Problem statement:
Each line of the listing that contains the word "find" is to be copied.

Data for this task:
● ● ● ● ● ● ●
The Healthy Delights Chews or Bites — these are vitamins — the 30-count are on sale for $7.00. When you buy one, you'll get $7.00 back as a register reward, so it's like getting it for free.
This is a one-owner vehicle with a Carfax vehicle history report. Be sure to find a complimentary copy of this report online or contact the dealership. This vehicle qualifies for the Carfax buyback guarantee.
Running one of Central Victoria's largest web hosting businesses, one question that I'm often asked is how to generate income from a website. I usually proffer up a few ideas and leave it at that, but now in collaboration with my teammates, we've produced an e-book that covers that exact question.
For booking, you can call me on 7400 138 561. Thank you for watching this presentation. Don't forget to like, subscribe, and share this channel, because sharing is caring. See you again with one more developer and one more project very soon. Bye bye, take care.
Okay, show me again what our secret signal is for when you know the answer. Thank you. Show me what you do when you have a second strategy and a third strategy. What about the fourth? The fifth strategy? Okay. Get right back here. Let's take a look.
● ● ● ● ● ● ●
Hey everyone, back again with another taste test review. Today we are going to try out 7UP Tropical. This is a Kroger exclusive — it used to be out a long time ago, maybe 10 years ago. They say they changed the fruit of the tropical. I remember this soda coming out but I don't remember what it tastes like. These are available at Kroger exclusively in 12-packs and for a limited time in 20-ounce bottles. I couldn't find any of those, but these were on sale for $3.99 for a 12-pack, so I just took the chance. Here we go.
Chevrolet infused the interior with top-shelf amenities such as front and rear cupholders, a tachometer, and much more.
● ● ● ● ● ● ●
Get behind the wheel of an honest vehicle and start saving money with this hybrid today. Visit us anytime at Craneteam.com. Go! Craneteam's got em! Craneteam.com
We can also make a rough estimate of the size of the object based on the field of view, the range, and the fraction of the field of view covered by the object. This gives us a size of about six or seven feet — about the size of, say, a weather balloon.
● ● ● ● ● ● ●
Exercise result:
This is a one-owner vehicle with a Carfax vehicle history report. Be sure to find a complimentary copy of this report online or contact the dealership. This vehicle qualifies for the Carfax buyback guarantee.
Hey everyone, back again with another taste test review. Today we are going to try out 7UP Tropical. This is a Kroger exclusive — it used to be out a long time ago, maybe 10 years ago. They say they changed the fruit of the tropical. I remember this soda coming out but I don't remember what it tastes like. These are available at Kroger exclusively in 12-packs and for a limited time in 20-ounce bottles. I couldn't find any of those, but these were on sale for $3.99 for a 12-pack, so I just took the chance. Here we go.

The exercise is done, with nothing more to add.